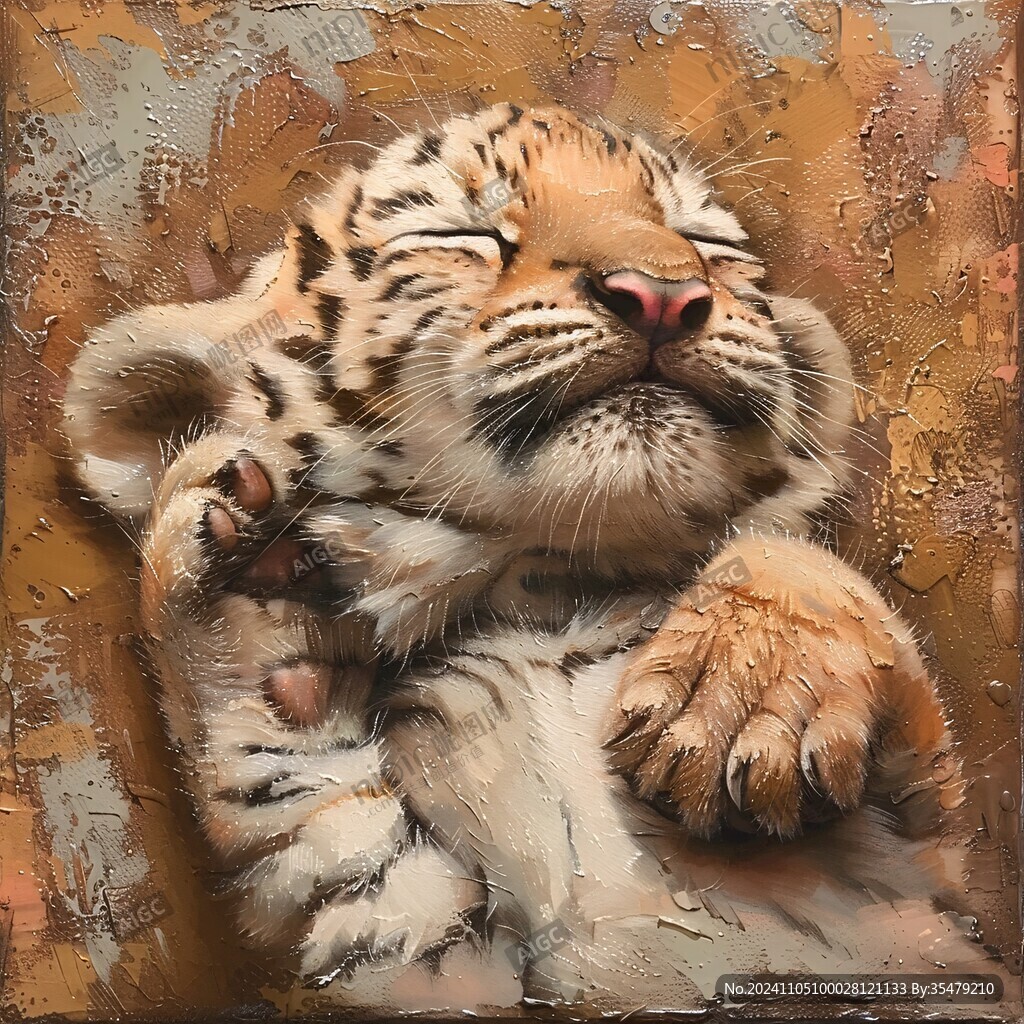油画老虎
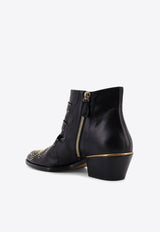 Chloé Susanna 40 Studded Ankle Boots Black CHC16A134750ZY_Black Gold._30004992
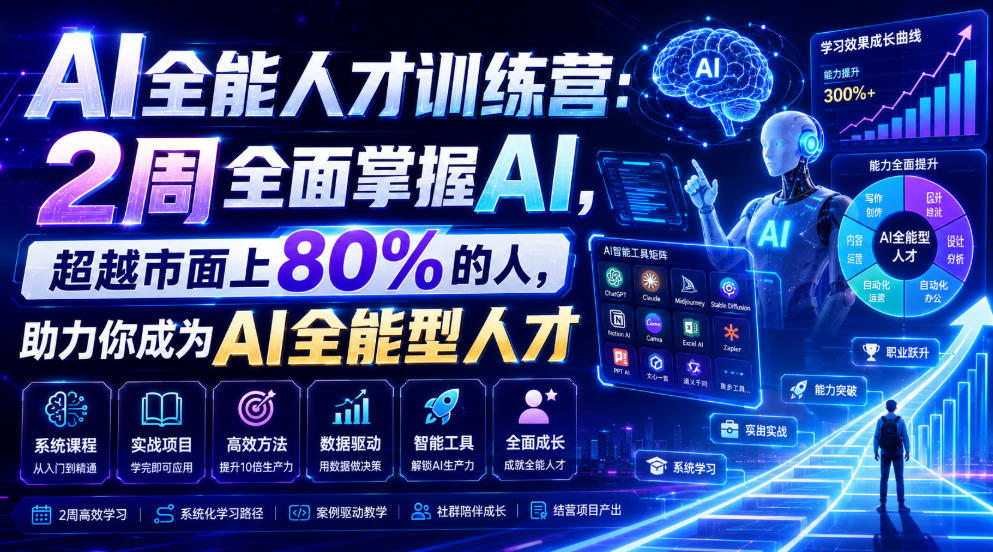 AI全能人才训练营：2周全面掌握AI，超越市面上80%的人，助力你成为AI全能型人才-伊亚库
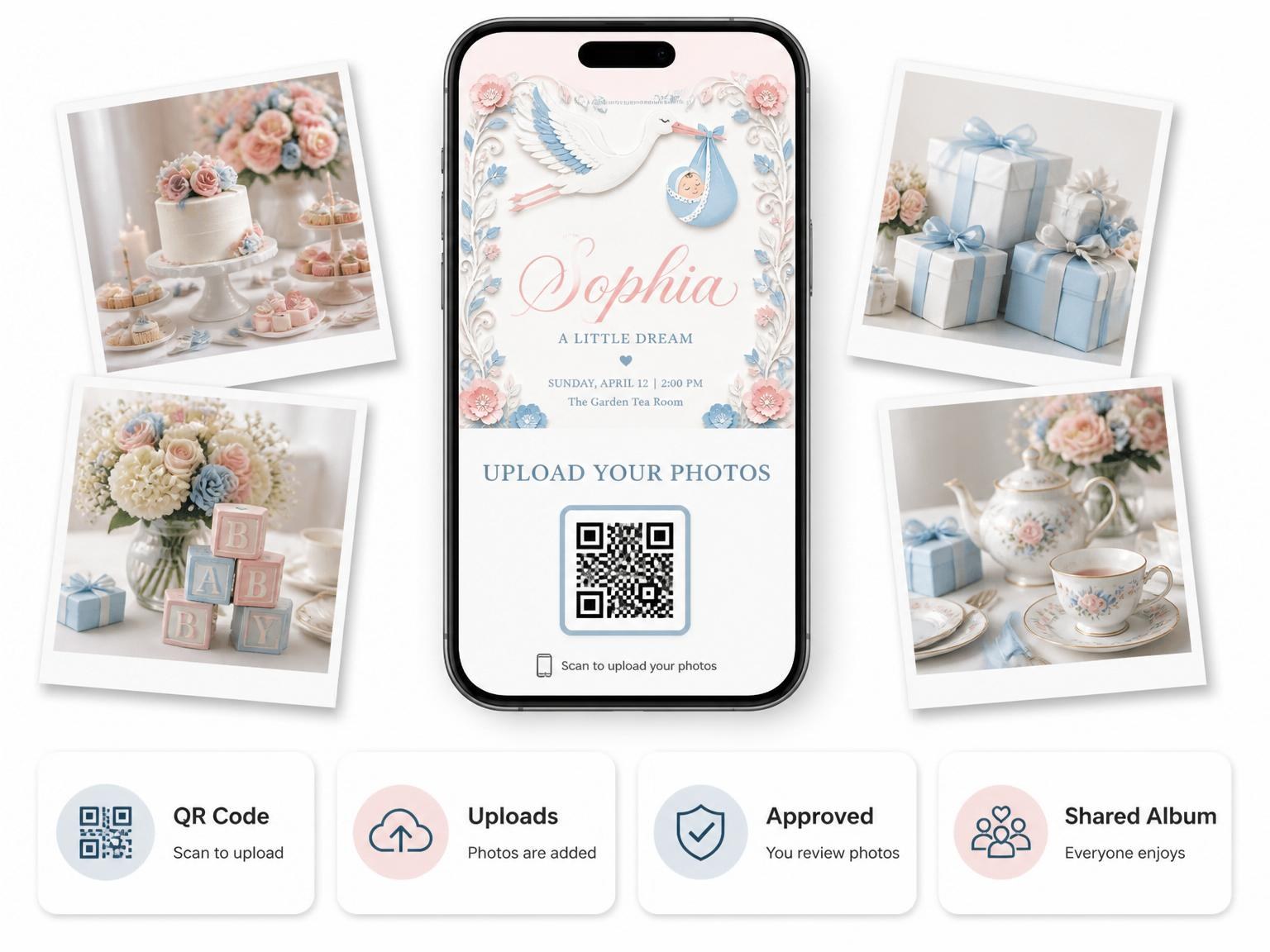 The shared photo gallery that comes with the Pink and Blue Stork Baby Shower invitation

********

▸ **Exercise**
Would you restate word for word only the lines from the one containing "Chloé Susanna 40" to the final line of the material, both ends included, without any pictures?

▸ **Exercise output**
 Chloé Susanna 40 Studded Ankle Boots Black CHC16A134750ZY_Black Gold._30004992
 AI全能人才训练营：2周全面掌握AI，超越市面上80%的人，助力你成为AI全能型人才-伊亚库
 The shared photo gallery that comes with the Pink and Blue Stork Baby Shower invitation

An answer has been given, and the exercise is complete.